Readings for the Day of Pentecost are Acts 2:1-21, I Corinthians 12:3b-13, and John 20:19-23.

I want to thank our Gospel readers today. Christopher, father of Ben, our baptismal candidate, read in Latin, a language he will teach here at Williams next year, a language his wife Amanda teaches at Williams, as well. Elizabeth read in Shona, one of three official languages in her homeland, Zimbabwe. And Elvy read in svenska, Swedish, her native tongue.

We think of language as being a function of the mind. But the human heart also moves to language beyond words, and Mothers’ Day invites us to celebrate dimensions of love communicated to us through the mothers we know. In relationship with them, in struggle with them, our ability to speak love has been shaped and influenced.
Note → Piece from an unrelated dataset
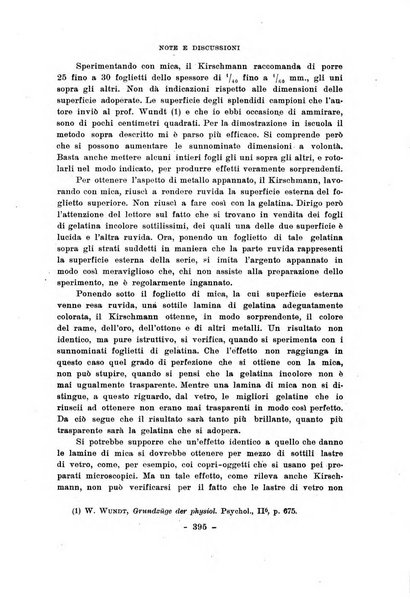 Archivio italiano di psicologia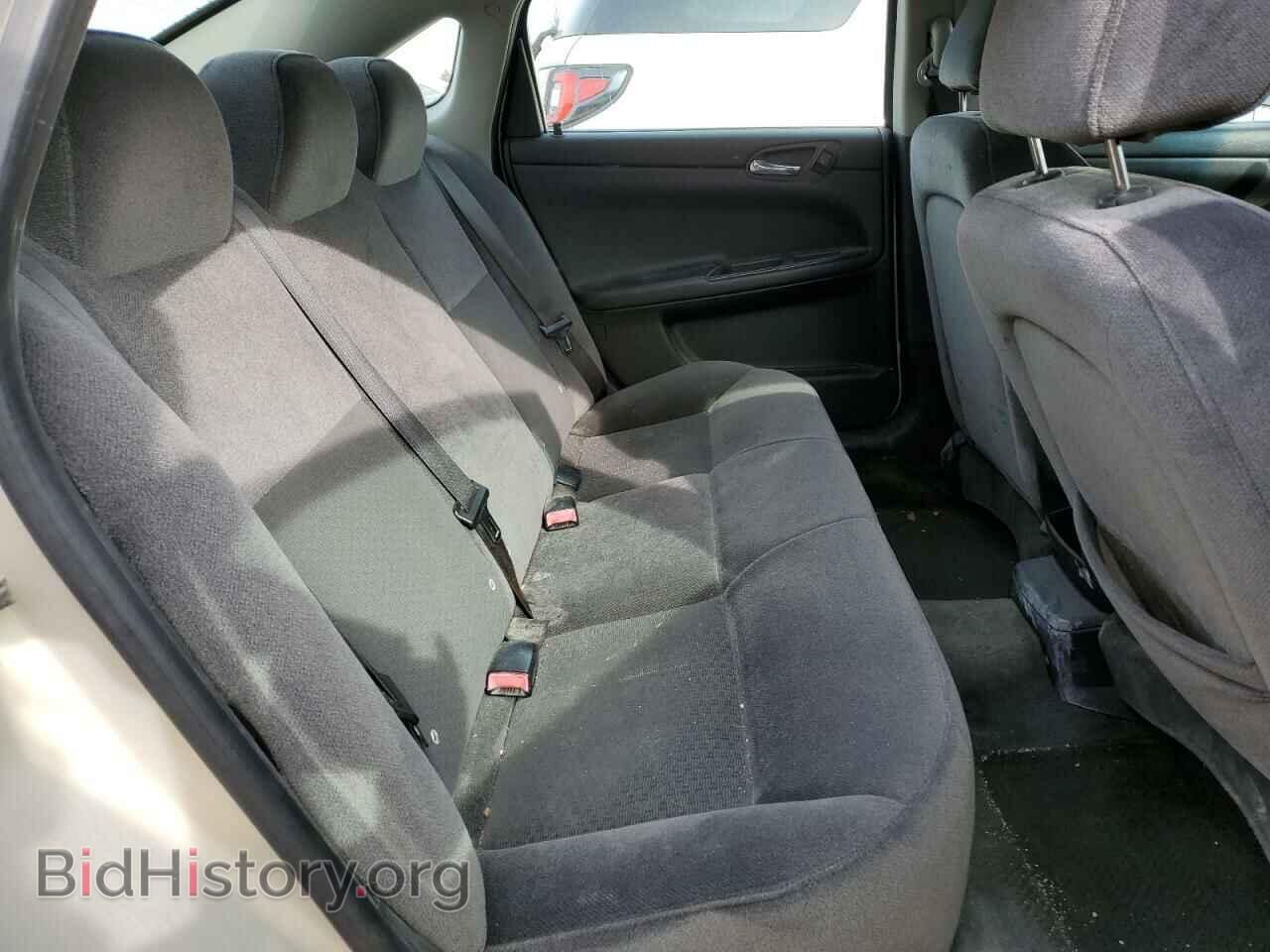 2009 CHEVROLET IMPALA - VIN: 2G1WT57K191200868 - Фото 10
By taking part in a baptism today, we may catch the ways, the images, the language by which the mothering love of God is expressed.
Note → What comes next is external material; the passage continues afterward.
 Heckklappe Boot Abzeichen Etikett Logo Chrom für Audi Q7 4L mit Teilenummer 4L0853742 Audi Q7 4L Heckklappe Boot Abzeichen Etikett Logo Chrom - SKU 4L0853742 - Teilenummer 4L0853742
“In our own languages we hear them speaking about God’s deeds of power,” marveled the international pilgrims gathered in Jerusalem, hearing the Galilean apostles. Unlike our readers today, those apostles were not learned people. Like those pilgrims, however, we affirm these languages as ours because they are among the many that belong to members of this congregation. When our neighbors in these pews join the psalmist in praying, “May these words of mine please you,” those words may not be in English, but in Korean, Spanish, Norwegian, German, Japanese. This is a good day to acknowledge that when we meet here for worship, we meet at a crossroads as did those pilgrims in international Jerusalem.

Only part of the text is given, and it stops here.